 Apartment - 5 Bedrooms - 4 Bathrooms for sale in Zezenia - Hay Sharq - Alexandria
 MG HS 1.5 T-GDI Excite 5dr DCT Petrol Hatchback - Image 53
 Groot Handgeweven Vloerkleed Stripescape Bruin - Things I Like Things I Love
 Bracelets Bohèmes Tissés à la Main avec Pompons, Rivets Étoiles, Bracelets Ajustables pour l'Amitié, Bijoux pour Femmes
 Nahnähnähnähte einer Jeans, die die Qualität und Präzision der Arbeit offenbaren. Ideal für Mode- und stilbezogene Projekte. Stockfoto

----

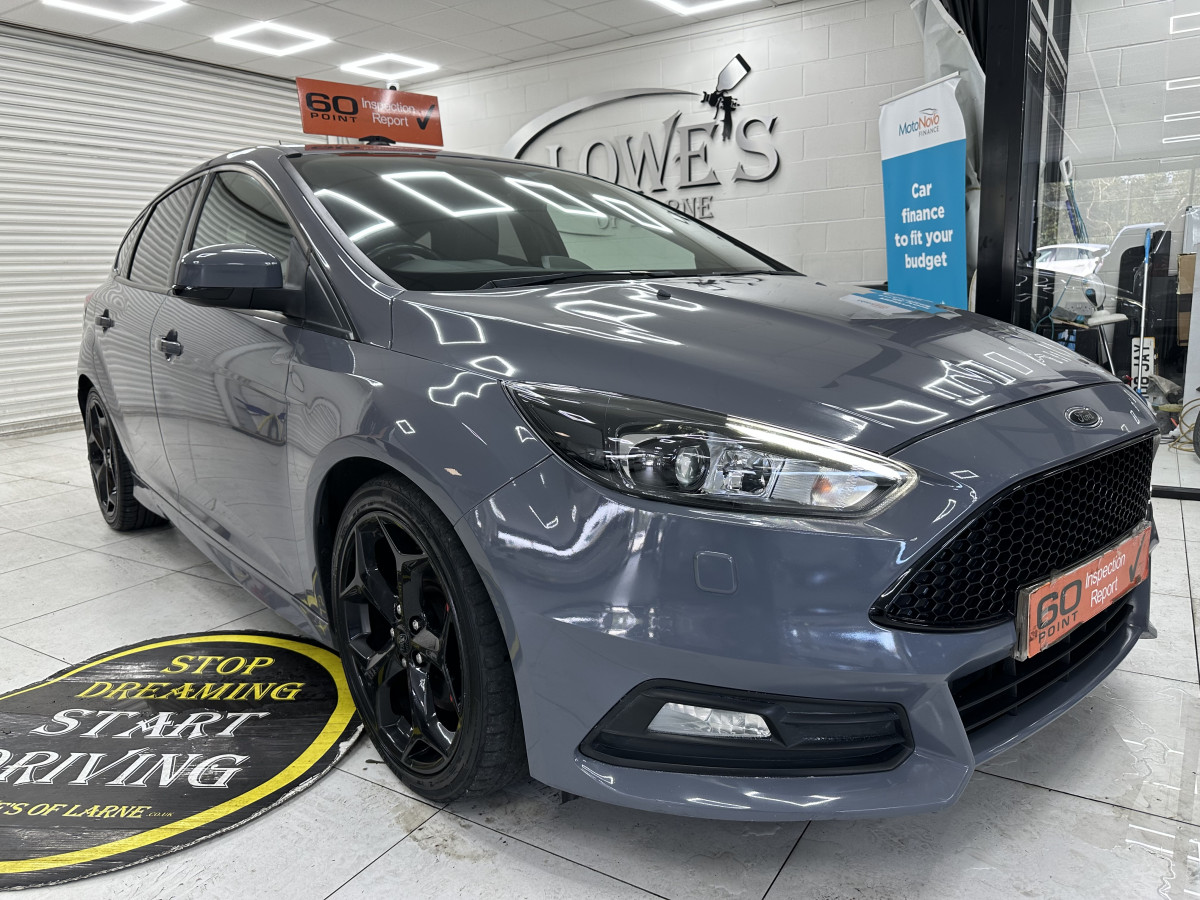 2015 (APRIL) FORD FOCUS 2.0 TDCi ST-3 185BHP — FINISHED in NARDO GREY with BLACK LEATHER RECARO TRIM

----

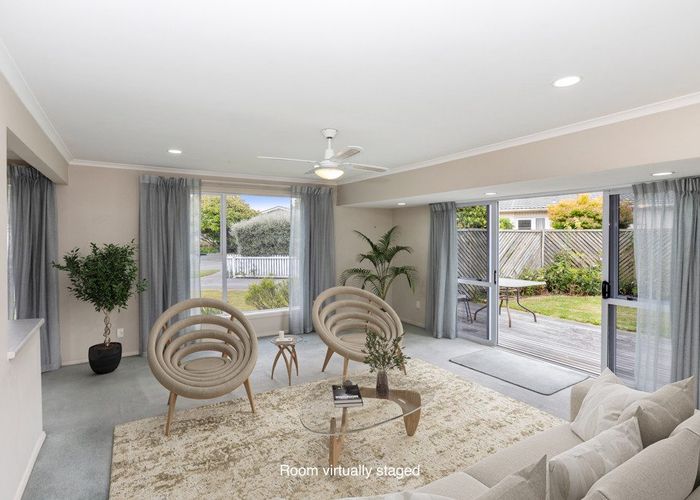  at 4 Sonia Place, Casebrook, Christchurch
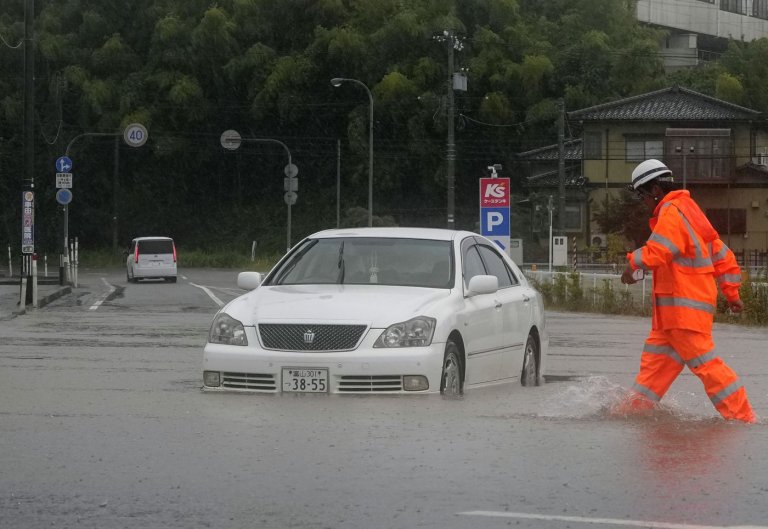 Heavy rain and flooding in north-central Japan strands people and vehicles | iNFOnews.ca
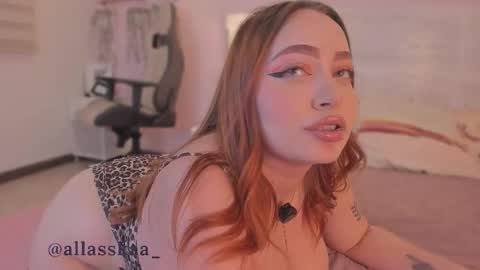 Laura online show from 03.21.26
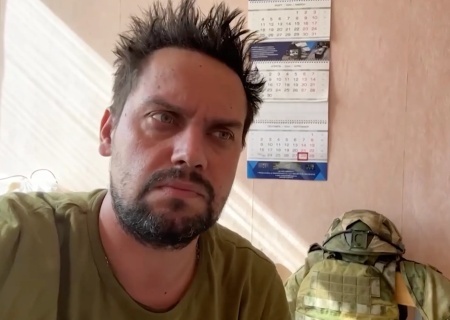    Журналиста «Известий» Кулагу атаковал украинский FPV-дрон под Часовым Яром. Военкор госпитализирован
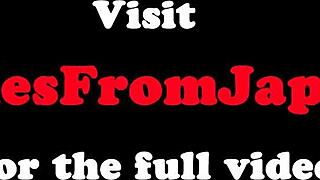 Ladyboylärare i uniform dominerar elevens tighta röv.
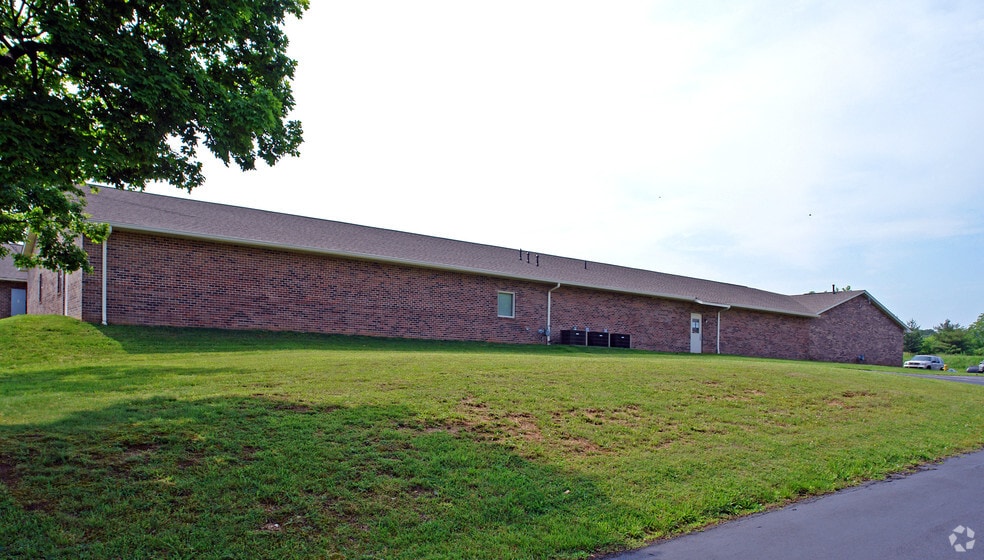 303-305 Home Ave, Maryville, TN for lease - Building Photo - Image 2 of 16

----

◆ **What to do**
Starting at the line with "Ladyboylärare i uniform" in the entries above, write out every line exactly until the line with "303-305 Home Ave, Maryville, TN" has been written. Include no pictures and nothing more.

◆ **Answer**
 Ladyboylärare i uniform dominerar elevens tighta röv.
 303-305 Home Ave, Maryville, TN for lease - Building Photo - Image 2 of 16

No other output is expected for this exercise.